L'utilisation de la représentation en tant que
forme de pouvoir et de moyen de contrôle
existe depuis des siècles.
Les nations puissantes ont toujours
conservé leur statut
non seulement par le déploiement
de forces militaires,
mais aussi par la diffusion de leur idéologie.
Et l'un des moyens les plus efficaces de répandre
une idéologie a été l'idée de la représentation.
L'histoire du colonialisme n'est pas simplement
une série de conquêtes militaires.
C'est aussi une histoire de décrets religieux,
de littérature fictive,
d'écrits académiques,
de rapports scientifiques,
et d'expositions de musées.
Les pays d'occident ont dépeint "l'autre"

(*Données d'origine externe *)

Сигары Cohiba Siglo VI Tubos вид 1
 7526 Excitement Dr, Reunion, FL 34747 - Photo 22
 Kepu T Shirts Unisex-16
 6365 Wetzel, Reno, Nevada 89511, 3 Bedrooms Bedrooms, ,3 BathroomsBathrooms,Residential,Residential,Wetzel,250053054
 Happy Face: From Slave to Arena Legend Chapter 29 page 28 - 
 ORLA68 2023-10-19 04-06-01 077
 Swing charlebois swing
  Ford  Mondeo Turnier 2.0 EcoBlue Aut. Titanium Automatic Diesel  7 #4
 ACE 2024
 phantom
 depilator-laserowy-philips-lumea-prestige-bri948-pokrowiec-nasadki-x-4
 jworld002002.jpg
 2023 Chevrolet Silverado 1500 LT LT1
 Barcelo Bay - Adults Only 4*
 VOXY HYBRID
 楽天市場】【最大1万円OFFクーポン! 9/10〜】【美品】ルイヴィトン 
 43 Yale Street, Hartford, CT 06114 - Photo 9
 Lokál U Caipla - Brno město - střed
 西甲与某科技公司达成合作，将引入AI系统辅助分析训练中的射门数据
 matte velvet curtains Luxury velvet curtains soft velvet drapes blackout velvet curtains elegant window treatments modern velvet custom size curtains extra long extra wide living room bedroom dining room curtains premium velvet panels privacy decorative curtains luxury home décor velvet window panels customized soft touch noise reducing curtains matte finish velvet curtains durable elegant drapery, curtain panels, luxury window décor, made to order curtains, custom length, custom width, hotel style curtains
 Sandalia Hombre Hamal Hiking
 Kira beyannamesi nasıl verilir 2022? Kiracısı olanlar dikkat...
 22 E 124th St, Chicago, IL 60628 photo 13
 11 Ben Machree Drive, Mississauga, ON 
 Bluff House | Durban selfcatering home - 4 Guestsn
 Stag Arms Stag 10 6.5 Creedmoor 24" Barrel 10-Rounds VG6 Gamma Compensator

pour décrire des individus, des communautés
et des nations entières n'appartenant pas au
groupe dominant, et donc différents
de manière fondamentale.
En d'autres termes, les gens sont devenus
marqués comme distincts de "la norme"
ou présentés comme étant plus prisés ou plus vils,
selon la façon dont ils étaient représentés.
La soumission à long terme des peuples
colonisés à travers ce système raciste
de représentation est à la base même
des cultures coloniales et
des systèmes politiques coloniaux.
Les descriptions ethniques et raciales
sont étroitement liés à d'autres formes
d'oppression,
telles que la suprématie blanche
et les concepts patriarcaux de genre.
Les classes dirigeantes conservent leur contrôle
en créant des images et des tropes d'ennemis communs.
Que cet ennemi soit représenté comme la figure
du terroriste, de l'immigrant, de l'homosexuel
ou de l'anarchiste, il peut être utilisé pour corréler
les sentiments patriotiques, un sentiment de nous VS eux,
liant une partie du peuple à ses dirigeants
à travers les liens identitaires partagés.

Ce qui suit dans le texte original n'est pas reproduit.